Why riding the bus makes cents


A friend sent me a link over the weekend to a personal finance/development site called the Simple Dollar. The article deals with the relative costs of riding public transportation versus driving a car.

The Simple Dollar highlights a key point overlooked by many: contrasting the hidden costs of owning a car and the seemingly higher upfront price of a bus ticket. The writer provides a breakdown of the costs of a general commute. Not surprisingly, the factors beyond gasoline run up the cost, and in the end, it’s nearly always cheaper to ride the bus.

So how much does it cost local commuters to travel by car vs. bus? We can employ the same formula used over at the Simple Dollar to adjust the general cost estimates to a more localized version.

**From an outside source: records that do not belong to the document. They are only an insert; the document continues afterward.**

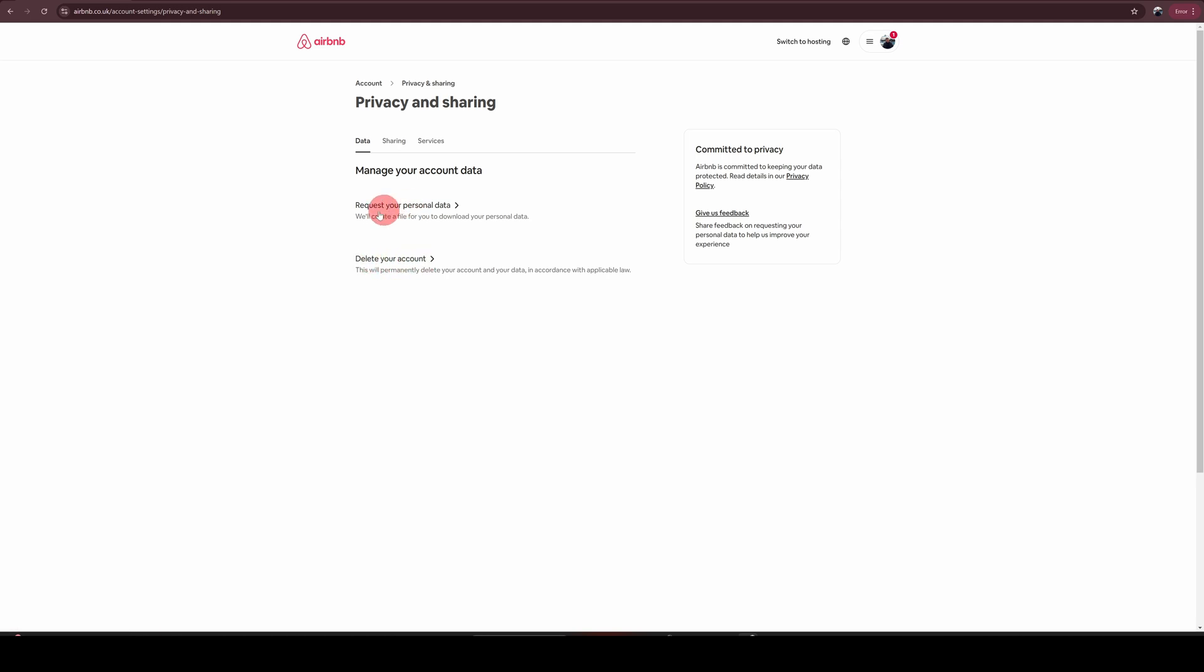Otherwise, there is another option where you can request them to remove all your personal data. For the purpose of this demonstration, let's click on delete your account option.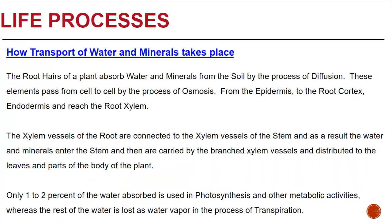How do water and minerals get transported? The root hairs of the plant absorb the water and minerals from the soil by a process called diffusion. These elements then pass from cell to cell by a process called osmosis. They go from the epidermis to the root cortex to the endodermis and reach the root xylem. The xylem vessels of the root are connected to the xylem vessels of the stem. As a result, the water and mineral salts enter the stem and are carried by the branched xylem vessels and then distributed to the leaves and parts of the plant. Only one to two percent of the water absorbed is used in photosynthesis and other metabolic activities, whereas the rest of the water is lost as water vapor in the process of transpiration.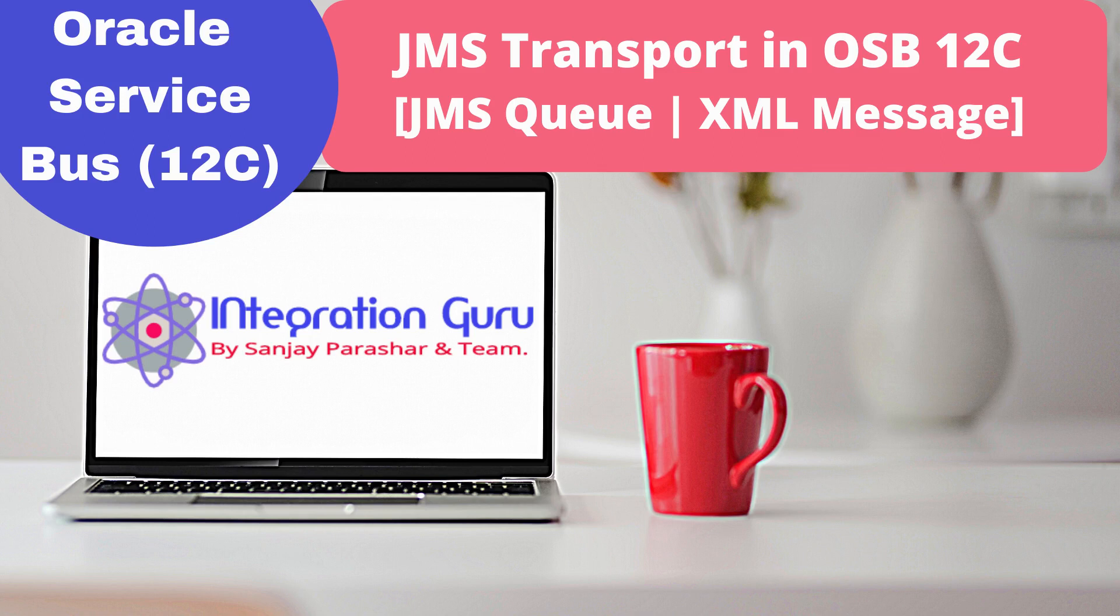Hi, welcome back to Integration Guru channel. Today we are going to discuss JMS Transport.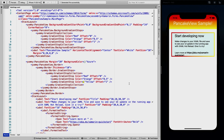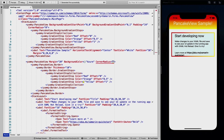Another thing we can do is add a CornerRadius. You can use the short notation to set all corners uniformly, or set each corner independently — for example, 10, 20, 30, 40 — and you can see each corner is shaped differently. This gives fine-grained control over your design, and you can see the border automatically adjusts to the corner radius as well.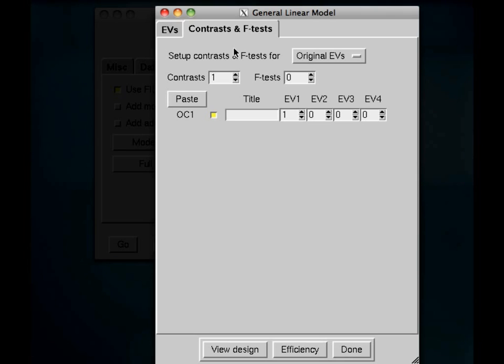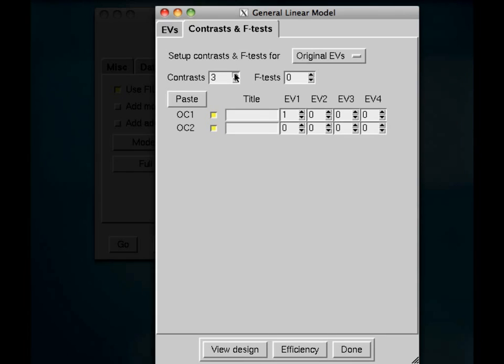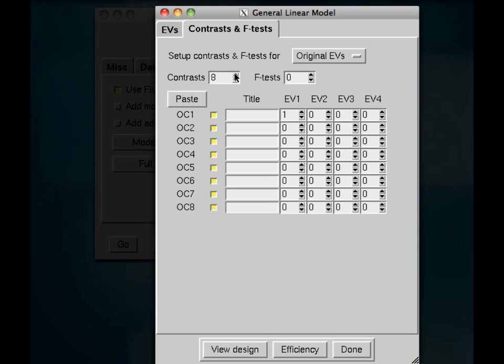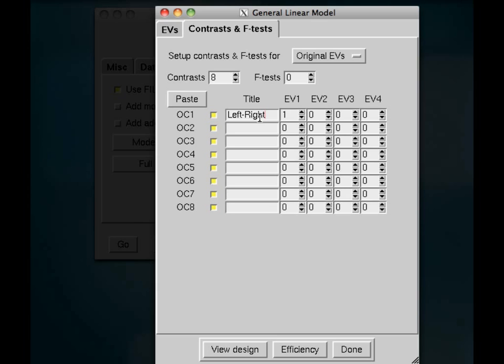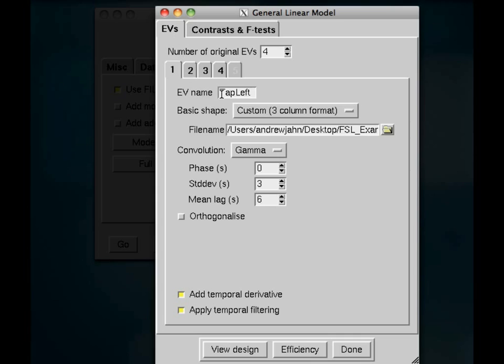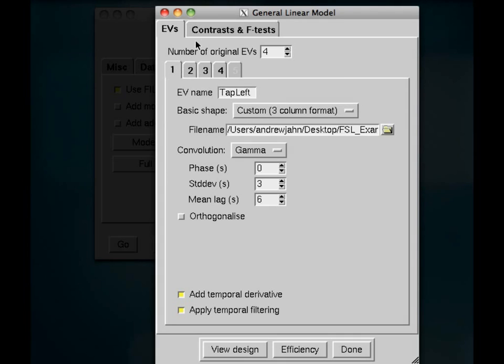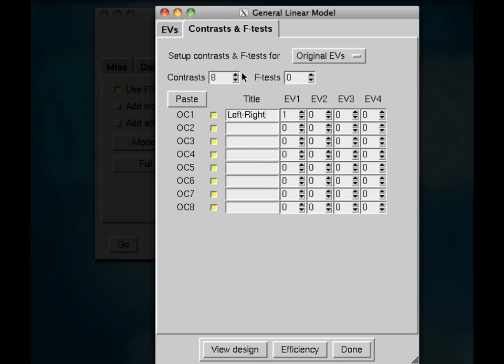This will take the beta weights, which are estimated for each of your conditions, and allow you to either calculate simple effects or contrasts or even F-tests if you want to do that. So here, I am going to calculate a contrast, and I'll show you why in a little second. This first contrast, I am going to say, is going to be left minus right. That's going to be the tap left minus tap right. Now, you should write this down on a sheet of paper just so you don't get too confused, but just make sure you know what each EV is associated with each regressor. So if I go back here, I know that EV1 is tap left, EV2 is tap right, and so on. So if I want a contrast of the tap left minus tap right, then I would want to assign a weight of 1 for tap left and a weight of negative 1 for right.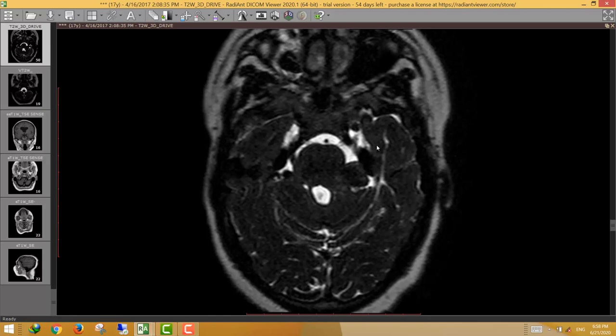These are the usual sites for cranial nerve schwannomas. If you do not keep these sites in mind, you can easily miss small lesions like the small Meckel's cave lesion seen here.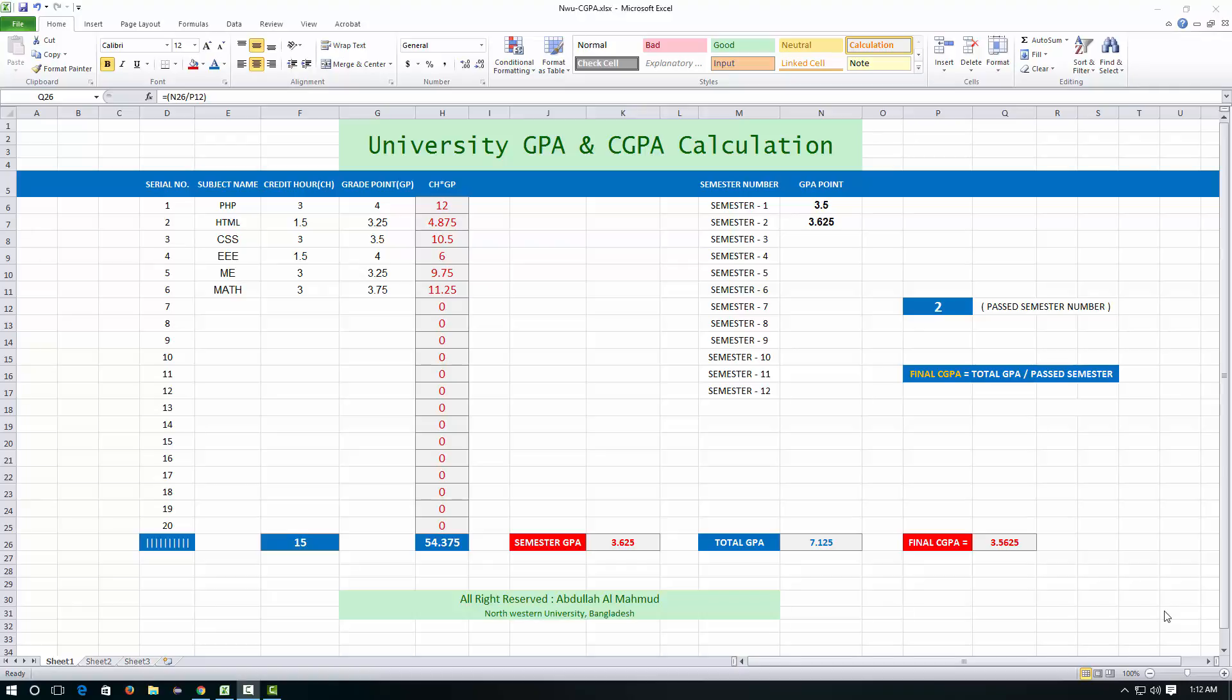Hello viewers, this is me Abdullah Al Mahmud and today I'm gonna show you something very interesting. Just see on the screen, here you can see university GPA and CGPA calculation.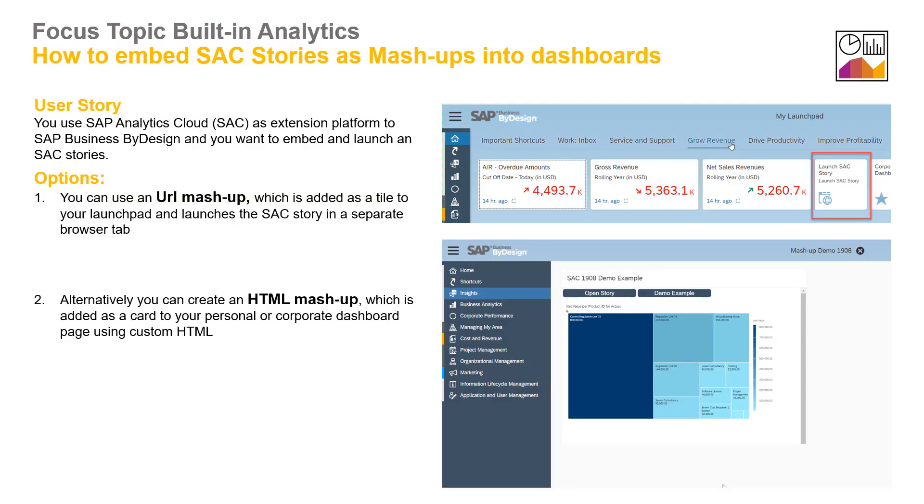Let's understand the different options you have. You can use a URL mashup which is added as a tile to your launchpad and launches the SAC story in a separate browser tab. Alternatively, you can create an HTML mashup which is added as a card to your personal or corporate dashboard page using custom HTML.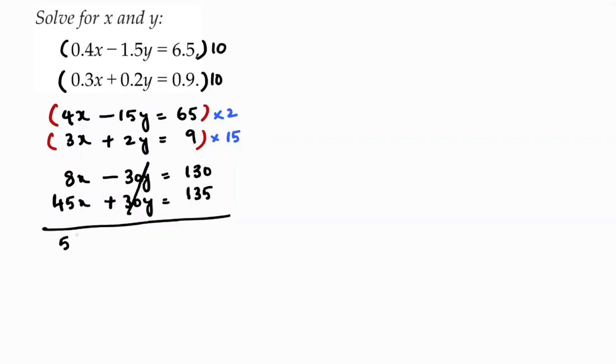45 plus 8 is 53x equals 265. So x equals 265 by 53. 53 is a prime.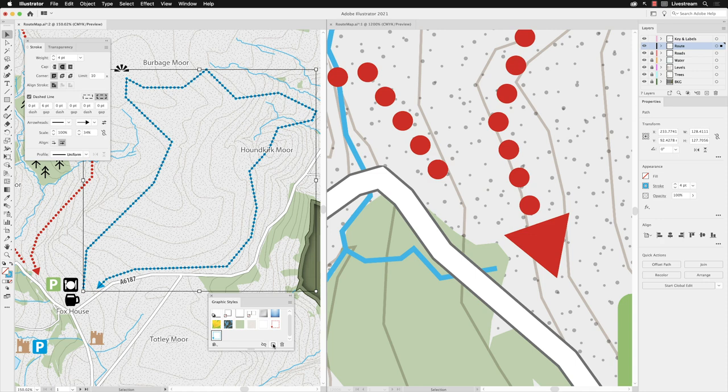rather than having to go through the process of modifying its properties all over again, you can instead turn it into a Graphic Style and reuse it anywhere in the current document.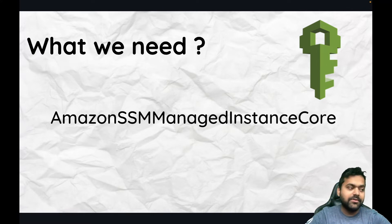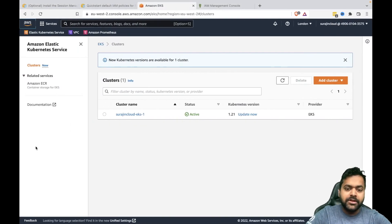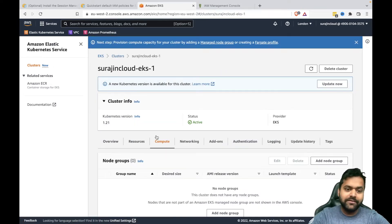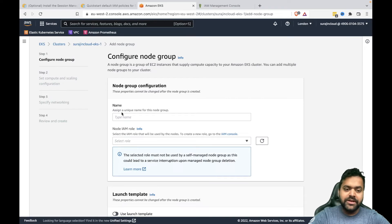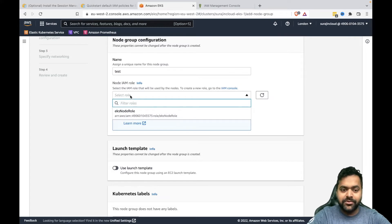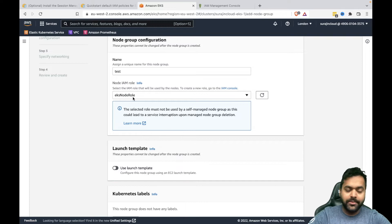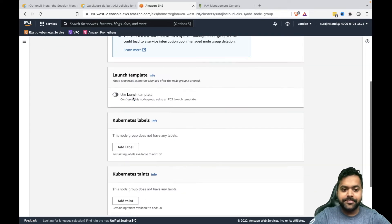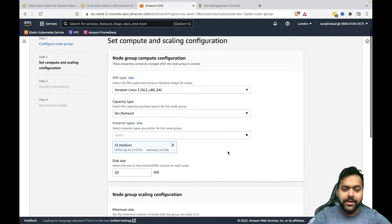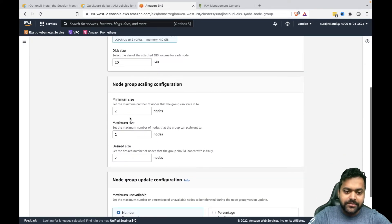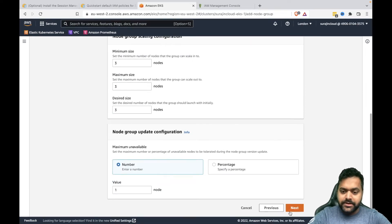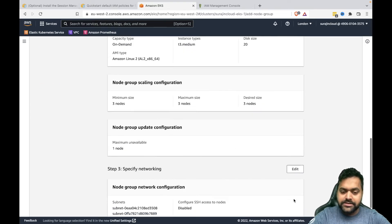Now we can jump into the demo. I'm in the EKS console and I have this cluster but no node group running yet. Let's quickly add a managed node group. The node group will use the EKS node role. Spinning up the node group takes some time, so I'll set it to three nodes and create it.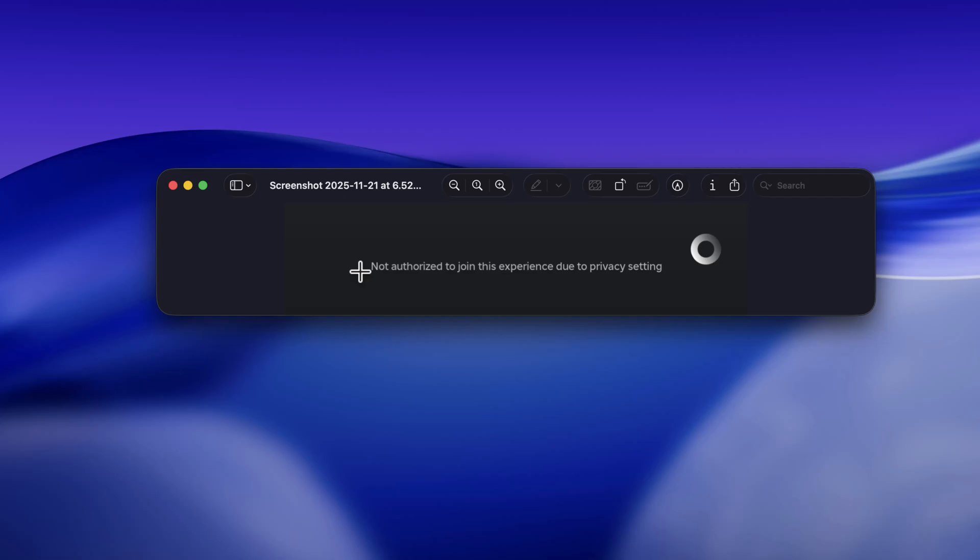Hello everyone, welcome to Geekaermag. In today's video, I'm going to show you how to fix the 'not authorized to join this experience due to privacy setting' error on Roblox. Before that, if you find this video useful, like it and subscribe to the channel.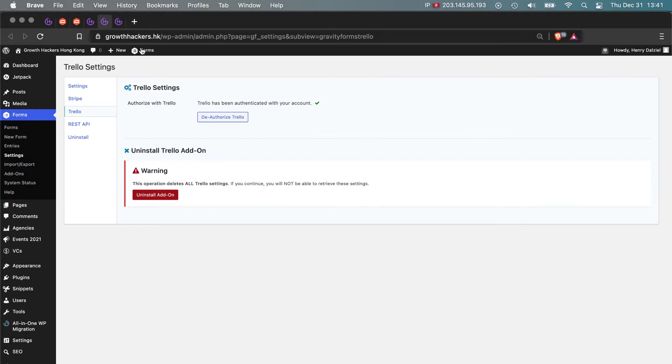So the next thing you need to do is click settings, and then from settings this section just has your username and your password for your Trello account. All nice and simple. What this will do is connect Gravity Forms with Trello, so there's no need for Zapier.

The Twin Cities have been blessed with relatively shorter commute times compared to other large American cities, though it’s reasonable to assume the average commuter will still drive somewhere around 25 miles getting to work and back. Figuring in an average price per mile of 54.0 cents (based on driving 15,000 miles per year, data by AAA), Minnesota drivers spend $13.50 a day commuting to and from their jobs. In a year of 240 work days, that adds up to a tidy $3240. Interestingly, the cost of commuting doesn’t include parking, an expensive and necessary evil for many an urban commuter.

A roundtrip ticket on a Metro Transit bus runs from $3.50 to $6. Beyond that, there is a wide array of monthly passes and stored value cards. A 31-day pass tops out $113.50 for express buses, for an annual rate of $1020.

The trade off, of course, is the added convenience and mobility afforded by having a private car. The point of the article is not to persuade people to abandon their cars, but merely to promote careful, economical decisions. For a transit advocate, it’s another clear reason why riding the bus, when possible, is a wise choice.